A front page story in today’s Union Leader front page tees up tomorrow’s State Board of Education vote on Learn Everywhere, Commissioner Edelblut’s personal effort to begin the process of privatizing public education in New Hampshire. Highlights:
As the state Board of Education prepares to vote Thursday on a controversial “learn everywhere” program, the associations representing the state’s teachers, administrators, special educators, school boards and principals, along with the League of Women Voters, have all weighed in against the idea promoted by Education Commissioner Frank Edelblut and endorsed by Gov. Chris Sununu.
Thursday’s vote comes after months of public hearings and debate on a plan to allow academic credit for extracurricular activities that meet the approval of the state Board of Education, while bypassing local school boards and educators.

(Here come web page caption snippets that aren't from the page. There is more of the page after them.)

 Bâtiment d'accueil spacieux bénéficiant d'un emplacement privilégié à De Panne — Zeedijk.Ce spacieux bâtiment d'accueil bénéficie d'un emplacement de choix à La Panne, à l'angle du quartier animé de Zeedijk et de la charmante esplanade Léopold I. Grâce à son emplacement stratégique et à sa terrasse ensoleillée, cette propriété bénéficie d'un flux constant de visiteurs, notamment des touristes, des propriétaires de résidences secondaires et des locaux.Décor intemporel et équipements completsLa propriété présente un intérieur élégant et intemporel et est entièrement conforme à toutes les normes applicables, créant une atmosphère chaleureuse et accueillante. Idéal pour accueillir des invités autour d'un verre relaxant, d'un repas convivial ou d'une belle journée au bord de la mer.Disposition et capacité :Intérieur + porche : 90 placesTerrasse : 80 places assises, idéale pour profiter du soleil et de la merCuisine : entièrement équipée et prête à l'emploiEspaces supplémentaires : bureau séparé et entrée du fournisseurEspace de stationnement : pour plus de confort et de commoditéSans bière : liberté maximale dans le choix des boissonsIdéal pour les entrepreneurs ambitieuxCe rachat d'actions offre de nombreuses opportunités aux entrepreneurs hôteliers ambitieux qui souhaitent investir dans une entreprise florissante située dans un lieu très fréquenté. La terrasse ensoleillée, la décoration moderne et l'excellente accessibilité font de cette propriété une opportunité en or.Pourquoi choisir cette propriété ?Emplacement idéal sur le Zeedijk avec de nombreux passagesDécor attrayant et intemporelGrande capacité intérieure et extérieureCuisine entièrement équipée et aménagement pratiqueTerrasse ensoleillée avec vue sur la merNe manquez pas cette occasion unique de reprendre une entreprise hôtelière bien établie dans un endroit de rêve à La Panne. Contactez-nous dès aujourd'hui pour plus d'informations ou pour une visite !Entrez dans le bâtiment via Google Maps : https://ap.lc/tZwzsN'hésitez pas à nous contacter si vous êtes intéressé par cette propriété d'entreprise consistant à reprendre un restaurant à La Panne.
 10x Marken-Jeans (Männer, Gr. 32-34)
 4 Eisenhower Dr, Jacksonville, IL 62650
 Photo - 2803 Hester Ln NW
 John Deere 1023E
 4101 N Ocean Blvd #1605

In a letter to the Board of Education released on Tuesday, the top education groups were united in their criticism of Edelblut’s proposal.
“We believe that as proposed, the ‘Learn Everywhere’ rules trample local control, are highly skewed toward wealthy families, grant graduation credits from non-accredited, non-credential sources, and provide little oversight and limited protections to students with disabilities and their families,” the letter states….
The League of Women Voters echoed that theme in their statement, pointing out that “New Hampshire’s public schools already award credit for work done outside the traditional high school program, including Extended Learning Opportunities coordinated by the local high schools.”
“We urge the State Board of Education to support learning opportunities such as these rather than the ill-defined Learn Everywhere proposal.”
In a recent interview, Edelblut defended Learn Everywhere as a way of standardizing extracurricular credit opportunities across the state, using the Women in Technology internship program at BAE as an example.
“I’ve got 24 young women working at BAE for 16 weeks. They come out of school at 1 p.m. and go over to BAE for a program. They have a tremendous experience, getting exposed to technology and learning all kinds of different things,” says the commissioner.
“When I did an informal survey of the educators who were there, there was one school that was granting the students credit, but the majority of schools were granting no credit to the students. So it either is learning or it isn’t learning. Why is it that one school allows the student to get engineering credit working at BAE, and other schools don’t recognize that?”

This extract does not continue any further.